TABLE OF CONTENTS

PRINT July 1962

LETTERS

LETTERS

Sir:
First let me congratulate you on your May issue of Artforum. I can see that you are trying to do a first rate job and that the future issues will be exciting and worthwhile. I also anticipate much open controversy and hope that the Art Galleries, too, will have space to “pick up the gauntlet.”

It goes without saying that such a magazine encourages reviews and opinions from all and everyone except from the very people who have a faith and belief (beyond the rational) in the artists they represent—the “art galleries” themselves. It would certainly be an interesting experiment to devote some portion of the magazine to the very chauvinistic expression of the art dealers—who they think are worth while and why!

—Esther Robles
Los Angeles

Sir:
We in the Art Department certainly wish you the best of success in publishing this journal in the years to come, for it is something which has very much been needed on the West Coast.

—David Gebhard
Director, Art Gallery
University of California
Santa Barbara

Sir:
Let me offer my hearty congratulations to your editorial staff on your handsome and pithy edition.

—F. M. Hinkhouse, Director
Phoenix Art Museum

Sir:
The magazine looks great!

—Mrs. Betty Bowen
Seattle

Sir:
Congratulations and best wishes for success.

—Esther Bear
Santa Barbara

Sir:
With best of wishes.

—Mark Tobey
Seattle

Sir:
On reading Dr. Lester Longman’s diatribe against modern art, ironically entitled “Conformity in the Arts,” it seems to me that he is one of several self-appointed helmsmen who wish to steer the boat while we artists merely labor at the oars like so many slaves.

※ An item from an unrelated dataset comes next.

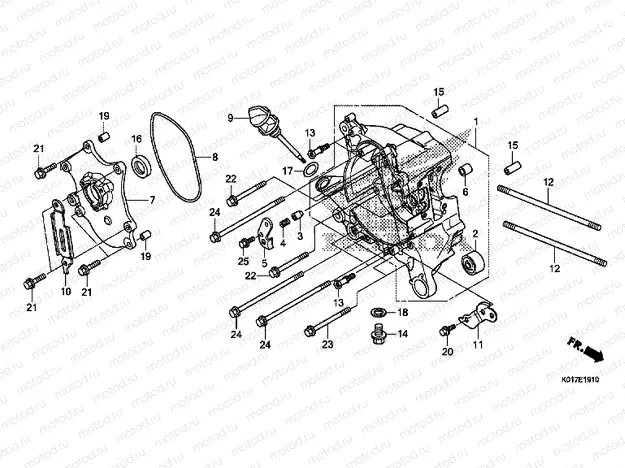 E-19-10 RIGHT CRANKSHAFT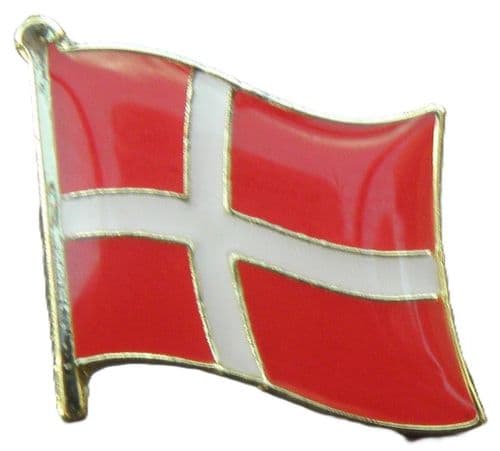 Denmark Country Flag Lapel Hat Cap Tie Pin Badge - Kongeriget Danmark Danish New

The learned Dr. Longman dismisses American art since the war as a “fad” or “ism,” when in fact the new American painting as exemplified by Pollock, De Kooning, Kline, Still and others (none of whom Dr. Longman chooses to mention) has for the first time in our history become a force in world culture of the utmost importance. While ignoring the so-called heroic period of American abstract art, Dr. Longman makes use of bizarre reactions to it—mostly by European artists—to typify his prejudice.

The point that Dr. Longman misses altogether is that the art called by critics “Abstract Expressionism” has vanquished the minds of thousands of younger artists very much like the influence wielded by Monet or Cézanne in their day. Yet the works of the “Abstract Expressionists” do not conform even to each other. What could be farther from De Kooning than Rothko?

Attempts by some artists to free themselves of this tyranny—Happenings, Junk Art, Assemblage and Neo-Dada, which Dr. Longman erroneously lumps together with “Abstract Expressionism,” are at their best a new vision of the world, at their worst merely a form of criticism.

I agree with Dr. Longman that shocking objects and examples of shocking behavior are being brought to the public attention by museums and the press. This I can only regard as the artist functioning in his capacity as critic. Don’t make the mistake of looking upon these manifestations as “immoral” or undesirable. To do away with art as criticism is the first step toward a totalitarian conformity alien to our free society.

I have great confidence in the rebellious spirit of younger artists and in their capacity to create a new vision which will fulfill in the deepest sense the spirit of Malraux’s words quoted by Dr. Longman—“A man becomes truly a man only when in quest of what is most exalted in him . . . etc.” Don’t forget that art has many other attributes, among which are the comical, the satirical, the Rabelaisian, the sensual and the lyrical, as well as the exalted and other worldly.

We can’t expect that all of the 50,000 or so artists in this country are doing work that will “go down through the ages” but we can be sure that some are.

If there’s anything deplorable in the artistic situation today it’s the uninformed, unsympathetic, prejudiced, critic of modern art. He knows how to write. He knows art history and esthetics. But it is doubtful that he has been deeply moved by any work since Courbet.